15 мая 1613 года. В Москву из Костромы прибыл юный Михаил Феодорович. Начало эпохи Романовых.
20 мая 1727 года. Вступил на престол Петр II.
24 мая 1585 года. Венчание на царство Феодора Иоанновича.
27 мая 1896 года. Коронование Николая II.
29 мая 1883 года. Коронование Александра III.
«ДРУГОЙ» НИКОЛА
322 мая — Никола вешний
Он же голодный. Тот, зимний, был холодный.
До Николы крепись, хоть разопнись, а с Николы живи, не тужи. Пошла трава, по ней заходили хороводы и оголодавшая скотина. Никола с возом, то есть с первым кормом.
Праздник перенесения мощей святителя и чудотворца Николая из Мир Ликийских в Бар (1087 год).
Мощи перевезли норманны. В XI веке Малая Азия, точно лавой, заливаема была нашествием с востока. Святыни осквернялись, города и селения подвергались жестокому разграблению. Христиане особенно опасались за мощи Николая, и посему из Италии (Венеции и Бари) снаряжена была целая экспедиция, составленная из купцов, для того чтобы вывезти мощи Николая в безопасное место.

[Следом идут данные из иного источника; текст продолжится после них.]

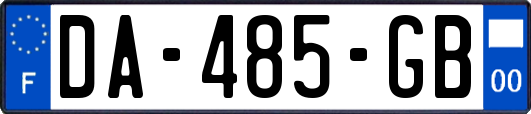 DA-485-GB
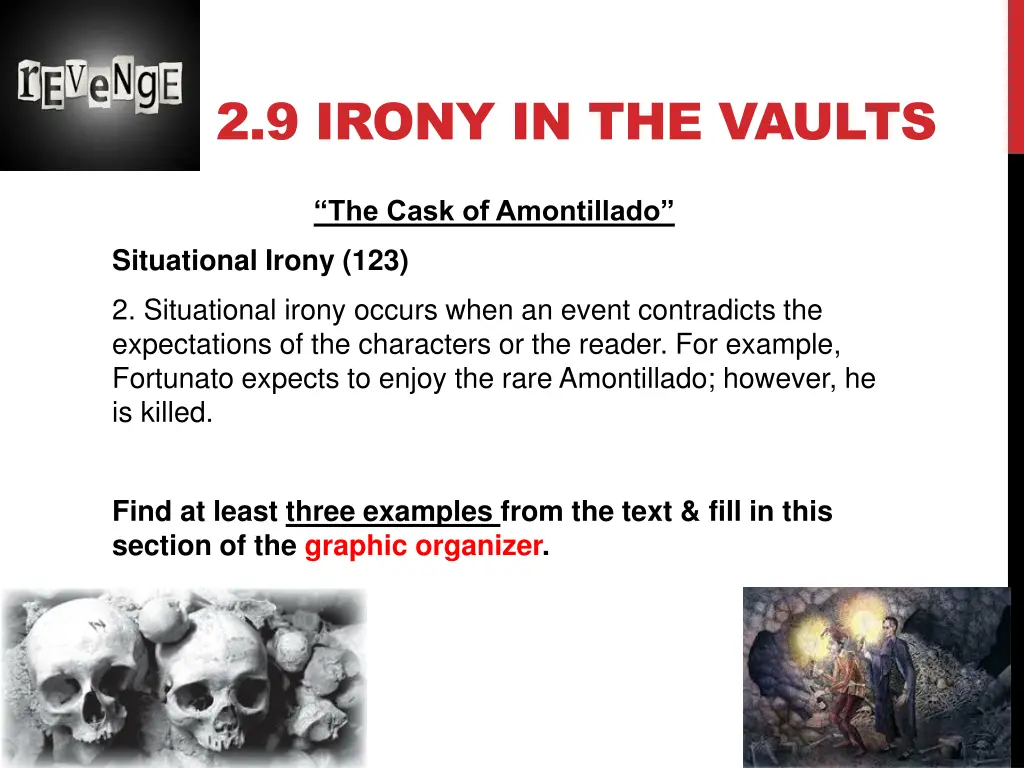 2 9 irony in the vaults 11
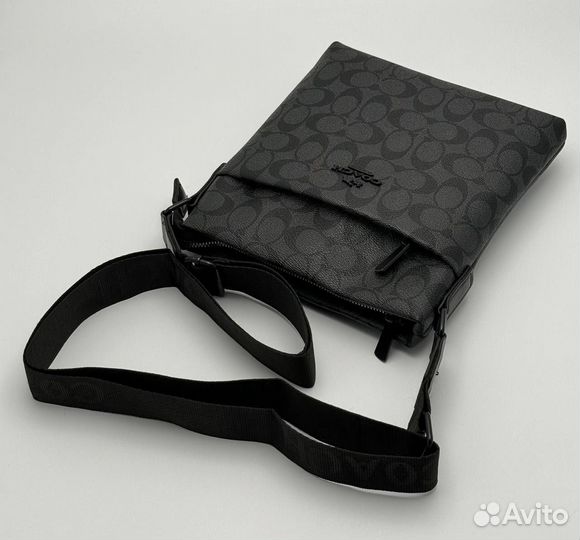 Сумка мужская coach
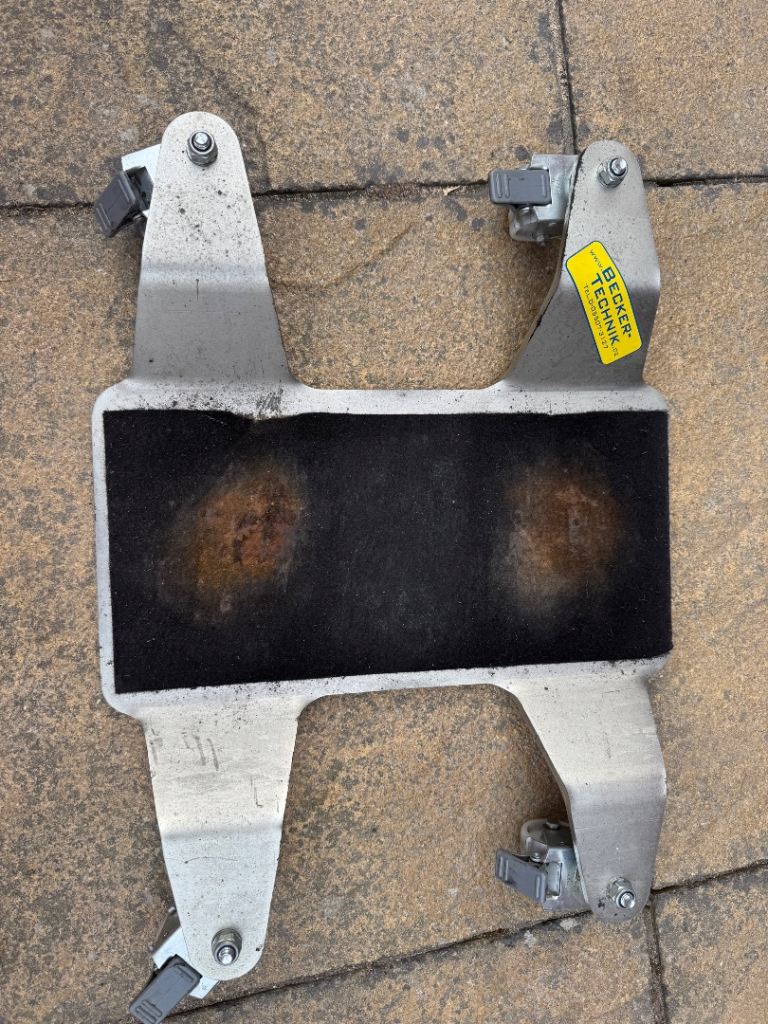Becker Technik Motorcycle Mover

Сначала итальянцы попытались выкупить святыню, предложив за нее монахам большие деньги. Те отказались, и тогда 20 апреля в обитель проникли силой (здесь купцы скорее всего и обратились в норманнов), разбили гробницу и обнаружили ее до краев наполненной благоуханным миром. Тогда они совершили литургию, завернули останки святого в верхнюю одежду и унесли их на корабль, который устремился в Италию.

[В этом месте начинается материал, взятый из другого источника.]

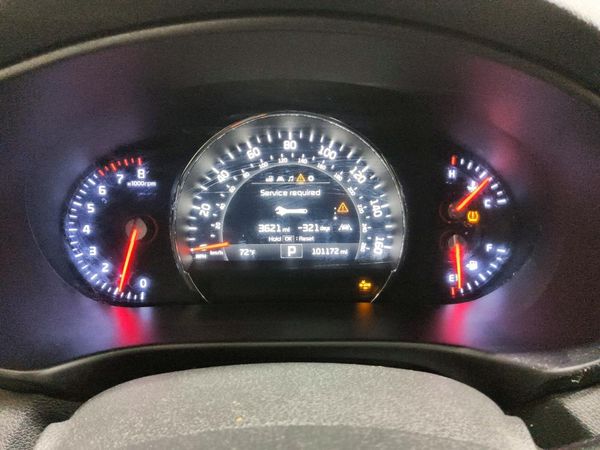 2018 KIA SORENTO EX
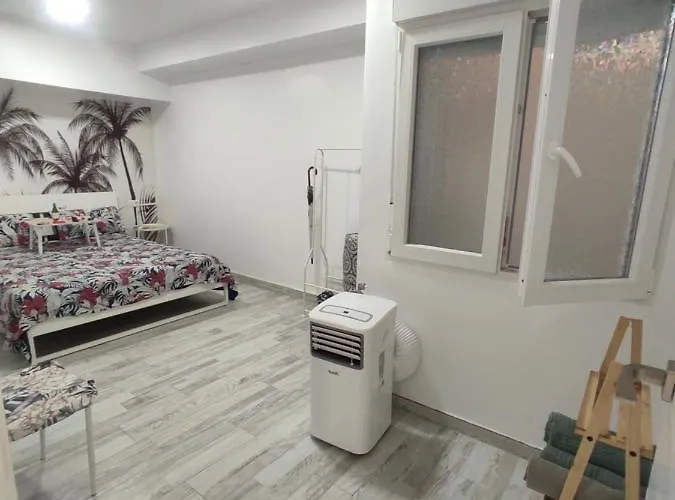 Apto Con Hidromasaje Sweet Charco By Flamingo House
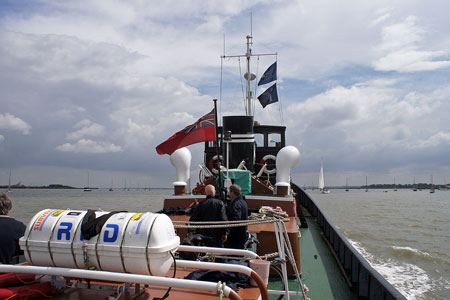 KENT - South Eastern Tug Society - Photo: © Ian Boyle, 13th August 2010 - www.simplonpc.co.uk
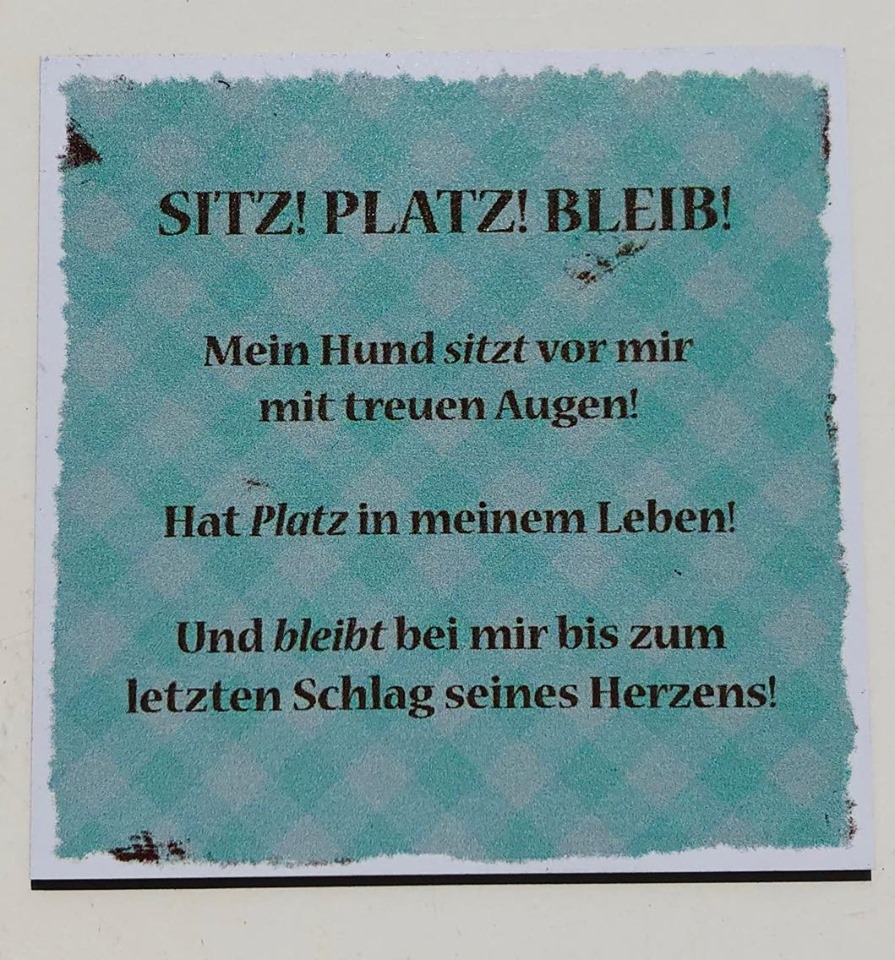 Download Spruch hundefreunde Desktop Wallpaper Free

8 мая они прибыли в Бари. Путешественнику Николе вешнему устроили торжественную встречу. Была построена церковь св. Николая, устроенная специально для помещения его мощей. Здесь они были упокоены папой Урбаном II 1 октября 1089 года. Мощи святого хранятся здесь до сих пор, продолжая источать миро. В раке есть специальное отверстие, откуда его достают регулярно.
Перенесение мощей сначала праздновалось только в Бари, ибо для восточной церкви перевоз мощей, сопровождаемый взломом гробницы и проч., был не праздником, а очевидной утратой. Однако со временем ситуация успокоилась. В частности, для русских, которые удалены в равной степени от восточных и западных святых мест, место упокоения Николая угодника стало еще одним, вполне правомочным местом паломничества, почитаемым наравне с Римом и Иерусалимом. Поклонение русских было настолько глубоким и проникновенным (о причинах см. Никольщину), что христианский мир постепенно стал считать Николу русским святым. Еще бы!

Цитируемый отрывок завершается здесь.